About this exercise –
Beginning at the top of the entries below, retype each line exactly until the line containing "Small bedroom features" has been written out; include no pictures and no later lines.

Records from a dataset
--

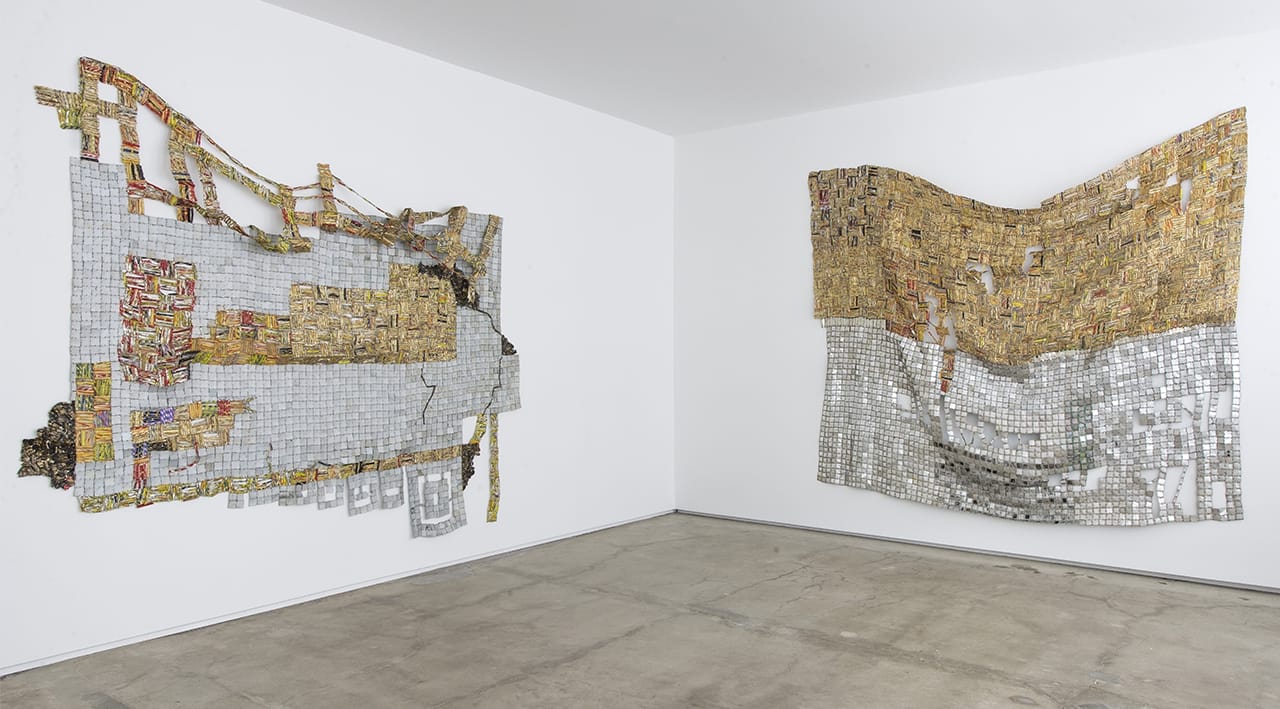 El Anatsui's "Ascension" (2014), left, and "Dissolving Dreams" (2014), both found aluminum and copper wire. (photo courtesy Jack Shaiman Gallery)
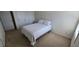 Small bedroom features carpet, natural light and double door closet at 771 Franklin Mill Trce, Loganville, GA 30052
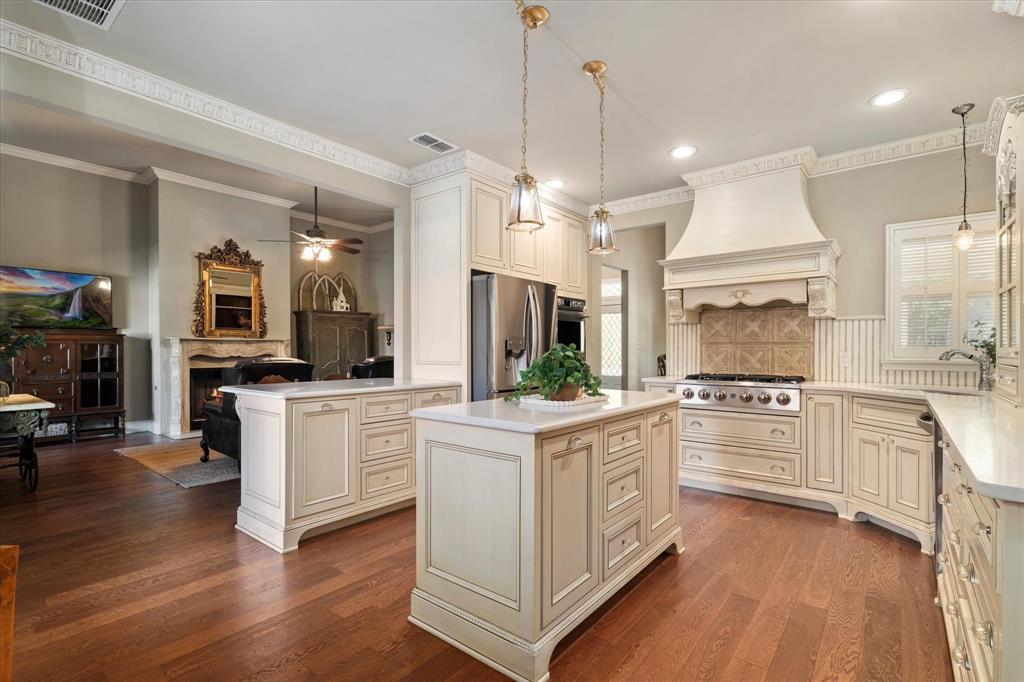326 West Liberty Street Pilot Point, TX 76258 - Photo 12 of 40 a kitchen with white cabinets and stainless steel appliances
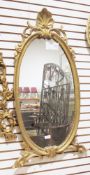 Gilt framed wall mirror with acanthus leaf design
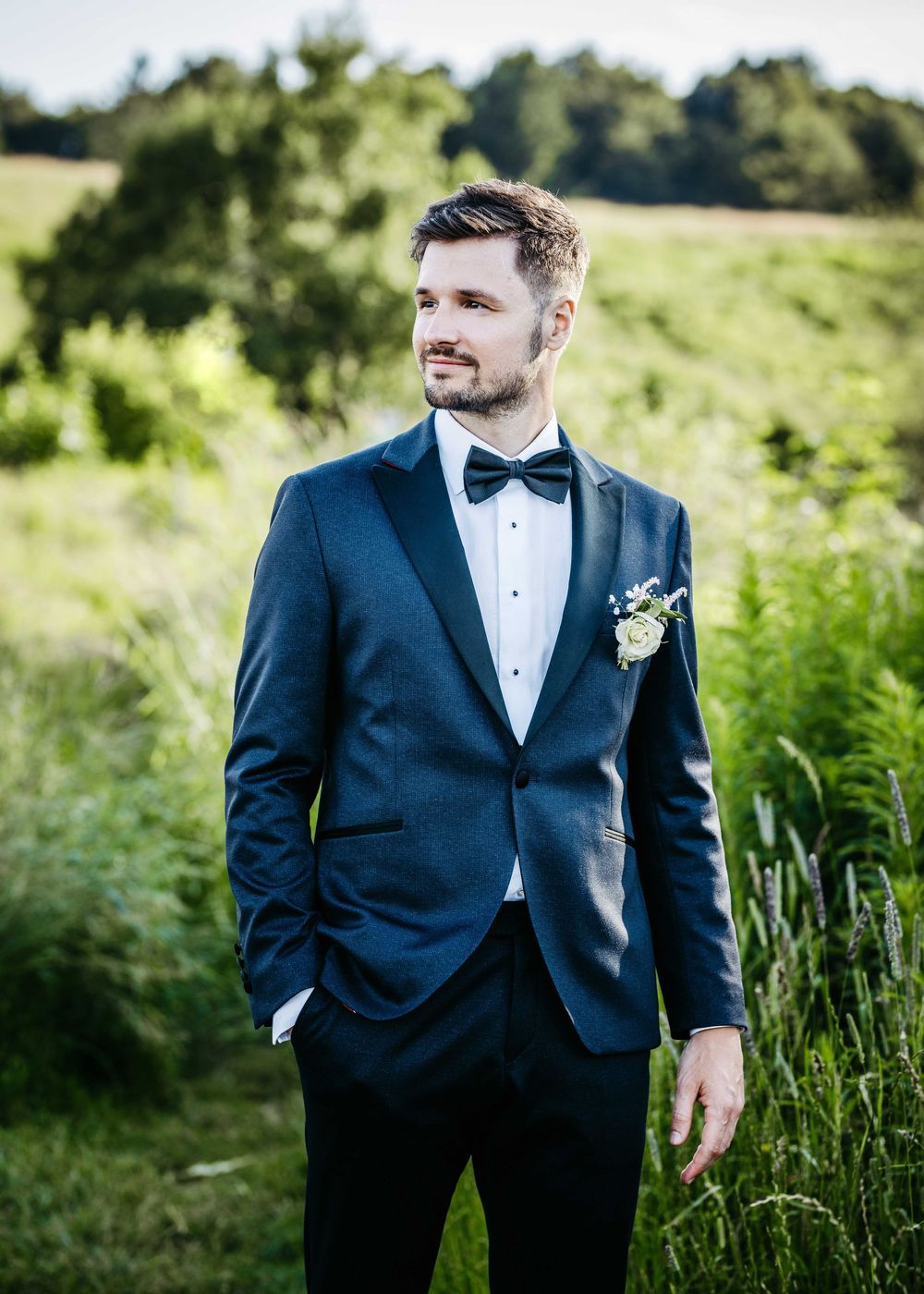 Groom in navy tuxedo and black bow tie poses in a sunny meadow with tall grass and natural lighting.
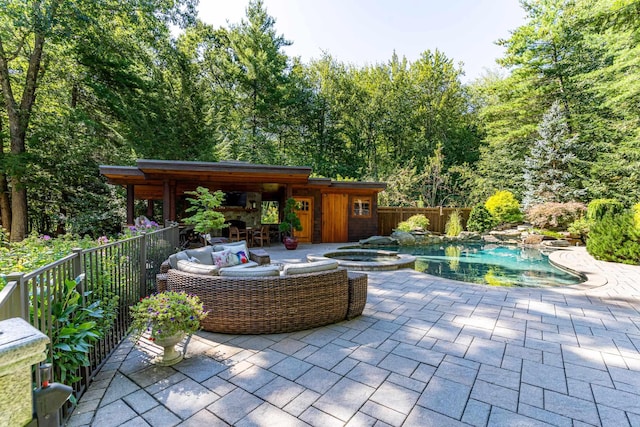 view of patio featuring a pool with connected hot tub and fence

--

Exercise output –
 El Anatsui's "Ascension" (2014), left, and "Dissolving Dreams" (2014), both found aluminum and copper wire. (photo courtesy Jack Shaiman Gallery)
 Small bedroom features carpet, natural light and double door closet at 771 Franklin Mill Trce, Loganville, GA 30052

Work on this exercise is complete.